**WORK TASK:** Print, word for word, the line containing "Комплетан график резултат за GenericApple" and all lines beneath it to the end of the entries below. Pictures do not belong in the copy.

Short text fragments from websites:
--- START ---

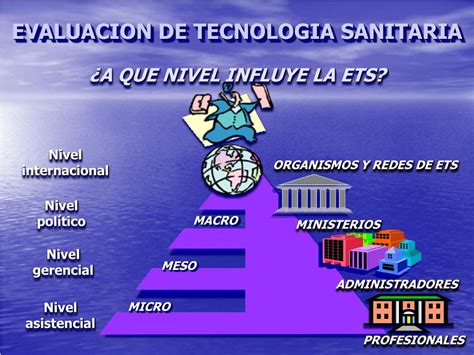 Ppt Evaluacion De Tecnologia Sanitaria Powerpoint Presentation Free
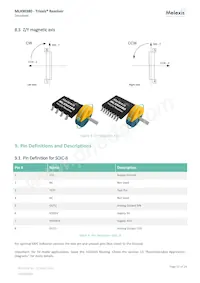 MLX90380LDC-BAB-100-SP Datasheet Page 10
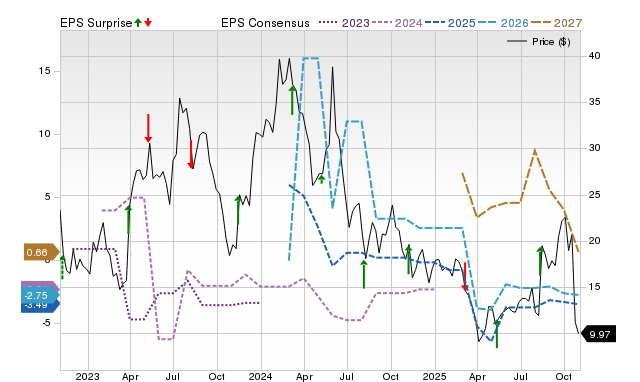 Price, Consensus and EPS Surprise Chart for ARCT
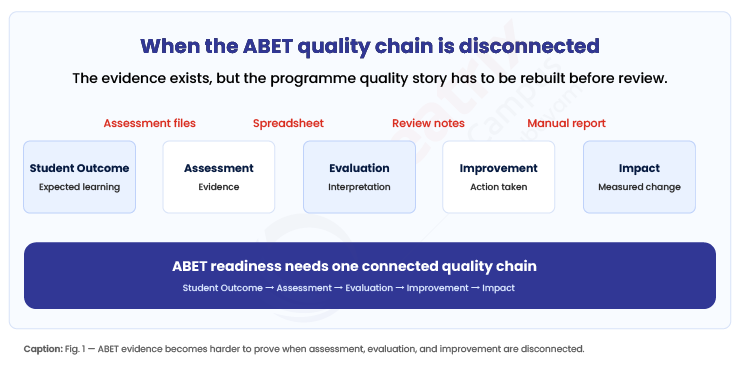 when-the-ABET-quality-chain-is-disconnected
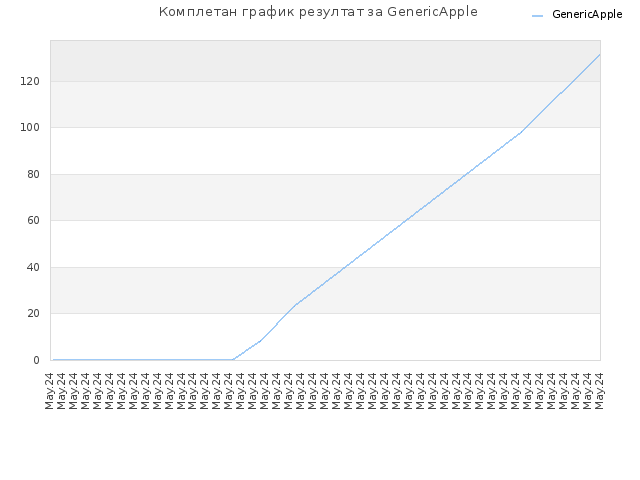 Комплетан график резултат за GenericApple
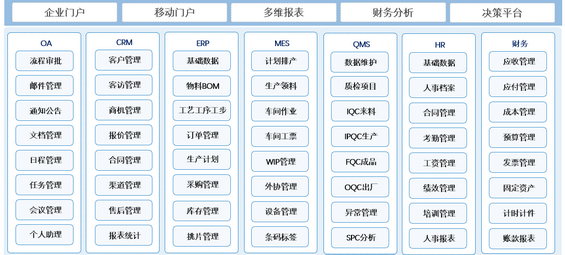 华微世纪一体化管理软件：一套软件解决企业信息共享及管理难题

--- END ---

**EXERCISE SOLUTION:**
 Комплетан график резултат за GenericApple
 华微世纪一体化管理软件：一套软件解决企业信息共享及管理难题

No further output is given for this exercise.